▸ **Exercise brief**: Each entry has to be reproduced in full, exactly as given.

▸ **Information**:
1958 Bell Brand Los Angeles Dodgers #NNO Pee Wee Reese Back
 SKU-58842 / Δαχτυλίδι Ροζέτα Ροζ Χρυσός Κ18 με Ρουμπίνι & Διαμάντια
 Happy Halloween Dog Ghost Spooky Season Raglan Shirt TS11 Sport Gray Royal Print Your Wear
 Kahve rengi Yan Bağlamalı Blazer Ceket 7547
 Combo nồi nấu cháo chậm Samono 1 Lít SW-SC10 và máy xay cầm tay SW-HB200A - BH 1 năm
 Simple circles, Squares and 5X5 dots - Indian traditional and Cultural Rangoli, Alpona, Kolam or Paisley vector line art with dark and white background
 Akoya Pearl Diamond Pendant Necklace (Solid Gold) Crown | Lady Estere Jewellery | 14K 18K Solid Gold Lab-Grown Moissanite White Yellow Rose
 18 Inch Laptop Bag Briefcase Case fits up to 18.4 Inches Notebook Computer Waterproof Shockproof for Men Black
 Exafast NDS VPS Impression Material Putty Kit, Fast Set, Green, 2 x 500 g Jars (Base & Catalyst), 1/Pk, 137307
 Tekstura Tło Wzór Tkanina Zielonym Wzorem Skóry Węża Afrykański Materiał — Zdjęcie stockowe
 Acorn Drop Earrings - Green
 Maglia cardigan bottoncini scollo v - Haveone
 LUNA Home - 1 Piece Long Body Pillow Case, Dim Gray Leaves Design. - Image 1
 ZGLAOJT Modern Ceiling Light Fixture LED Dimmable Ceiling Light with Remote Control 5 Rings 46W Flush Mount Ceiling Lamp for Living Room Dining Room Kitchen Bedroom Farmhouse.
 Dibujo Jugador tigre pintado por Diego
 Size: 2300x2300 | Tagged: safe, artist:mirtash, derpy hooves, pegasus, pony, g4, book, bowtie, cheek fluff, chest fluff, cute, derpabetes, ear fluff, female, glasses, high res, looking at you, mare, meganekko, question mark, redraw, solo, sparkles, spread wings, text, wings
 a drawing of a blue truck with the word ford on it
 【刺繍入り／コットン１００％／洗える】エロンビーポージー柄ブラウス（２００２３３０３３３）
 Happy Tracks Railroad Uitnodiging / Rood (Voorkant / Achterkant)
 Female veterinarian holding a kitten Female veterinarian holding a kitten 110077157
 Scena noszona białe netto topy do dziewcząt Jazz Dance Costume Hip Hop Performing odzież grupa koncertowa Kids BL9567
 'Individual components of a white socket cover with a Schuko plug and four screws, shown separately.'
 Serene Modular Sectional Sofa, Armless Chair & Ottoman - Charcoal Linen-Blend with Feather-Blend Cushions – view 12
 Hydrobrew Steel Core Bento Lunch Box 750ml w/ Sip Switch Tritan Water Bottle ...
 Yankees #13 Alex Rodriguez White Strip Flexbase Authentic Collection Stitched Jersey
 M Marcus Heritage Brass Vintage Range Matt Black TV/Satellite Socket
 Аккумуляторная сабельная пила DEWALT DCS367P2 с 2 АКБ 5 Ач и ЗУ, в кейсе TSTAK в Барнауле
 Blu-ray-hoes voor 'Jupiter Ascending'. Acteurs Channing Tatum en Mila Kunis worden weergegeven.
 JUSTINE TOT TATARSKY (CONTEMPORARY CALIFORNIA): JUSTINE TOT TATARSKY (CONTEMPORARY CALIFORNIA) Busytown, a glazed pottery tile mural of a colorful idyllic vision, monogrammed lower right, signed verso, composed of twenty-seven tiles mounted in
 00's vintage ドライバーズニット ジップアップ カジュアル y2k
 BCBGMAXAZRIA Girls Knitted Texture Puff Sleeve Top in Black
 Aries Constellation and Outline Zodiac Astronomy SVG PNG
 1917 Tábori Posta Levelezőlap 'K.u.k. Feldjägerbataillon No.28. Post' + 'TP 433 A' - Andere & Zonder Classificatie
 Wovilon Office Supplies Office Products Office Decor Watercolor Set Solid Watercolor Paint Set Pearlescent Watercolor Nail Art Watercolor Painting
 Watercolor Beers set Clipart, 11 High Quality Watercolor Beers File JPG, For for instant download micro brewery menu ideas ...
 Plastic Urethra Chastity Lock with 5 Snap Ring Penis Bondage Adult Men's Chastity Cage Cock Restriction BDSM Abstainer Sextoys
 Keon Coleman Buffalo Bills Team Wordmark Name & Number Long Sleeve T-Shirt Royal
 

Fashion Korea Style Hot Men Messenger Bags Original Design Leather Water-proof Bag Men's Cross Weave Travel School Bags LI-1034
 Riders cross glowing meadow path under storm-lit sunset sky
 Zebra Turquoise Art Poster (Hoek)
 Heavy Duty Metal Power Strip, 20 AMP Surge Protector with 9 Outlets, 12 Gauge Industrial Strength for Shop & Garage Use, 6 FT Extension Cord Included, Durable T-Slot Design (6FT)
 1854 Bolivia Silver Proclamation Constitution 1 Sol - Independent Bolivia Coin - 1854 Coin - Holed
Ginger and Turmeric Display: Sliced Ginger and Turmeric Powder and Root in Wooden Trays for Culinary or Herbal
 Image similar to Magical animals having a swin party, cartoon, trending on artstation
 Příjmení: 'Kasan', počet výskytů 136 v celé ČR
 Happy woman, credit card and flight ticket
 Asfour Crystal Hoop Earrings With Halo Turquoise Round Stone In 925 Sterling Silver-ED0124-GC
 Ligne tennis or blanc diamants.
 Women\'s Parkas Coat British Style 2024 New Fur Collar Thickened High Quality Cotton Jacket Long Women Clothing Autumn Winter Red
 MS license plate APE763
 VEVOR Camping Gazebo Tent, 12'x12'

▸ **Task output**:
1958 Bell Brand Los Angeles Dodgers #NNO Pee Wee Reese Back
 SKU-58842 / Δαχτυλίδι Ροζέτα Ροζ Χρυσός Κ18 με Ρουμπίνι & Διαμάντια
 Happy Halloween Dog Ghost Spooky Season Raglan Shirt TS11 Sport Gray Royal Print Your Wear
 Kahve rengi Yan Bağlamalı Blazer Ceket 7547
 Combo nồi nấu cháo chậm Samono 1 Lít SW-SC10 và máy xay cầm tay SW-HB200A - BH 1 năm
 Simple circles, Squares and 5X5 dots - Indian traditional and Cultural Rangoli, Alpona, Kolam or Paisley vector line art with dark and white background
 Akoya Pearl Diamond Pendant Necklace (Solid Gold) Crown | Lady Estere Jewellery | 14K 18K Solid Gold Lab-Grown Moissanite White Yellow Rose
 18 Inch Laptop Bag Briefcase Case fits up to 18.4 Inches Notebook Computer Waterproof Shockproof for Men Black
 Exafast NDS VPS Impression Material Putty Kit, Fast Set, Green, 2 x 500 g Jars (Base & Catalyst), 1/Pk, 137307
 Tekstura Tło Wzór Tkanina Zielonym Wzorem Skóry Węża Afrykański Materiał — Zdjęcie stockowe
 Acorn Drop Earrings - Green
 Maglia cardigan bottoncini scollo v - Haveone
 LUNA Home - 1 Piece Long Body Pillow Case, Dim Gray Leaves Design. - Image 1
 ZGLAOJT Modern Ceiling Light Fixture LED Dimmable Ceiling Light with Remote Control 5 Rings 46W Flush Mount Ceiling Lamp for Living Room Dining Room Kitchen Bedroom Farmhouse.
 Dibujo Jugador tigre pintado por Diego
 Size: 2300x2300 | Tagged: safe, artist:mirtash, derpy hooves, pegasus, pony, g4, book, bowtie, cheek fluff, chest fluff, cute, derpabetes, ear fluff, female, glasses, high res, looking at you, mare, meganekko, question mark, redraw, solo, sparkles, spread wings, text, wings
 a drawing of a blue truck with the word ford on it
 【刺繍入り／コットン１００％／洗える】エロンビーポージー柄ブラウス（２００２３３０３３３）
 Happy Tracks Railroad Uitnodiging / Rood (Voorkant / Achterkant)
 Female veterinarian holding a kitten Female veterinarian holding a kitten 110077157
 Scena noszona białe netto topy do dziewcząt Jazz Dance Costume Hip Hop Performing odzież grupa koncertowa Kids BL9567
 'Individual components of a white socket cover with a Schuko plug and four screws, shown separately.'
 Serene Modular Sectional Sofa, Armless Chair & Ottoman - Charcoal Linen-Blend with Feather-Blend Cushions – view 12
 Hydrobrew Steel Core Bento Lunch Box 750ml w/ Sip Switch Tritan Water Bottle ...
 Yankees #13 Alex Rodriguez White Strip Flexbase Authentic Collection Stitched Jersey
 M Marcus Heritage Brass Vintage Range Matt Black TV/Satellite Socket
 Аккумуляторная сабельная пила DEWALT DCS367P2 с 2 АКБ 5 Ач и ЗУ, в кейсе TSTAK в Барнауле
 Blu-ray-hoes voor 'Jupiter Ascending'. Acteurs Channing Tatum en Mila Kunis worden weergegeven.
 JUSTINE TOT TATARSKY (CONTEMPORARY CALIFORNIA): JUSTINE TOT TATARSKY (CONTEMPORARY CALIFORNIA) Busytown, a glazed pottery tile mural of a colorful idyllic vision, monogrammed lower right, signed verso, composed of twenty-seven tiles mounted in
 00's vintage ドライバーズニット ジップアップ カジュアル y2k
 BCBGMAXAZRIA Girls Knitted Texture Puff Sleeve Top in Black
 Aries Constellation and Outline Zodiac Astronomy SVG PNG
 1917 Tábori Posta Levelezőlap 'K.u.k. Feldjägerbataillon No.28. Post' + 'TP 433 A' - Andere & Zonder Classificatie
 Wovilon Office Supplies Office Products Office Decor Watercolor Set Solid Watercolor Paint Set Pearlescent Watercolor Nail Art Watercolor Painting
 Watercolor Beers set Clipart, 11 High Quality Watercolor Beers File JPG, For for instant download micro brewery menu ideas ...
 Plastic Urethra Chastity Lock with 5 Snap Ring Penis Bondage Adult Men's Chastity Cage Cock Restriction BDSM Abstainer Sextoys
 Keon Coleman Buffalo Bills Team Wordmark Name & Number Long Sleeve T-Shirt Royal
 

Fashion Korea Style Hot Men Messenger Bags Original Design Leather Water-proof Bag Men's Cross Weave Travel School Bags LI-1034
 Riders cross glowing meadow path under storm-lit sunset sky
 Zebra Turquoise Art Poster (Hoek)
 Heavy Duty Metal Power Strip, 20 AMP Surge Protector with 9 Outlets, 12 Gauge Industrial Strength for Shop & Garage Use, 6 FT Extension Cord Included, Durable T-Slot Design (6FT)
 1854 Bolivia Silver Proclamation Constitution 1 Sol - Independent Bolivia Coin - 1854 Coin - Holed
Ginger and Turmeric Display: Sliced Ginger and Turmeric Powder and Root in Wooden Trays for Culinary or Herbal
 Image similar to Magical animals having a swin party, cartoon, trending on artstation
 Příjmení: 'Kasan', počet výskytů 136 v celé ČR
 Happy woman, credit card and flight ticket
 Asfour Crystal Hoop Earrings With Halo Turquoise Round Stone In 925 Sterling Silver-ED0124-GC
 Ligne tennis or blanc diamants.
 Women\'s Parkas Coat British Style 2024 New Fur Collar Thickened High Quality Cotton Jacket Long Women Clothing Autumn Winter Red
 MS license plate APE763
 VEVOR Camping Gazebo Tent, 12'x12'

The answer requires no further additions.